The Eclipse Foundation jumped on the Kubernetes bandwagon a few years ago, for the same reasons as everyone else. Our need at the time was for a scalable/fault tolerant solution for our Jenkins-based CI system. We started small by repurposing older hardware, and with early successes, the cluster grew out of a combination of new iron and more repurposed servers.
As cluster usage grew, we started receiving feedback about slow and fluctuating build times. You see, we'd typically purchase hardware for low I/O, parallel operations - lots of CPU cores, lots of RAM, for those hundreds of web requests per second we typically handle. As it turns out, although these machines can handle thousands of simultaneous short-lived connections, they suck at single-threaded operations that run for 20 minutes.

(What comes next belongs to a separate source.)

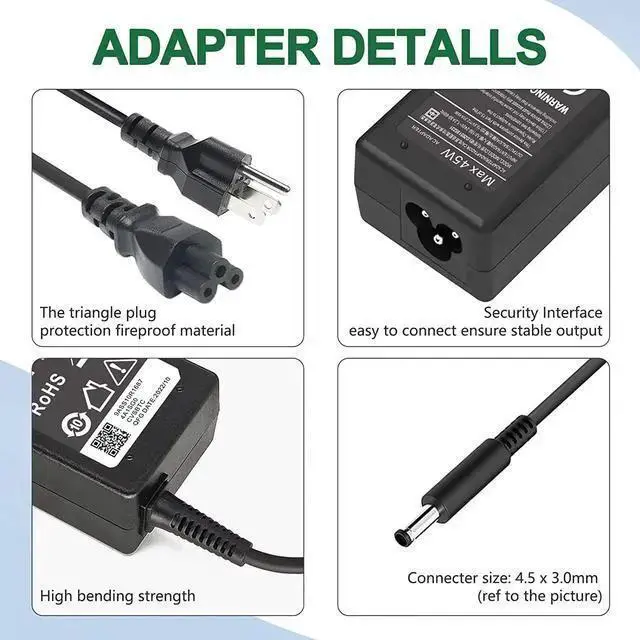 Alt view image 2 of 7 - WISDUM 45W Charger for Laptop Charger,AC Adapter for Inspiron 15 3000 5000 Series 15-3552 3555 3558 3565 3567 5551 5552 5555 5558 5559 Laptop Power Supply Cord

For new hardware, we moved away from the "big iron" model, choosing instead smaller units with fewer CPU cores, but much faster ones, and faster memory busses. To save money up-front, we'd equip them with inexpensive HDDs, with the understanding that local I/O wasn't much of a thing. Now, I know what you're thinking: HDDs? Duh, get SSDs, it's a no-brainer. Our release engineers Mikaël and Fred have been pleading the case for SSDs in build machines for years. I had simply underestimated the impact of local disk I/O - either when multiple disk-intensive pods were scheduled at the same time, or when images were pulled to the local node for spin-up. An 8-minute build was a 27-minute build later on, for no obvious reasons.
We've since been retrofitting all our worker nodes with SSDs with, obviously, much success. The fast machines are now fast -- consistently, and the older iron performs adequately well. And with some benchmarking (thanks for the data and image, Mikaël Barbero), we're able to identify worker nodes that are simply outclassed, such as third-from-the-left "okdnode-12", which is headed for a permanent retirement.
With the targeted use of labels, we can reserve older hardware for typical website applications where slower core speed is appropriate for those short-lived connections.
We're doing our best to provide Eclipse projects with a reliable, performant, expandable and consistent platform for running builds, without breaking the bank. It's a learning curve for sure, and we're getting there.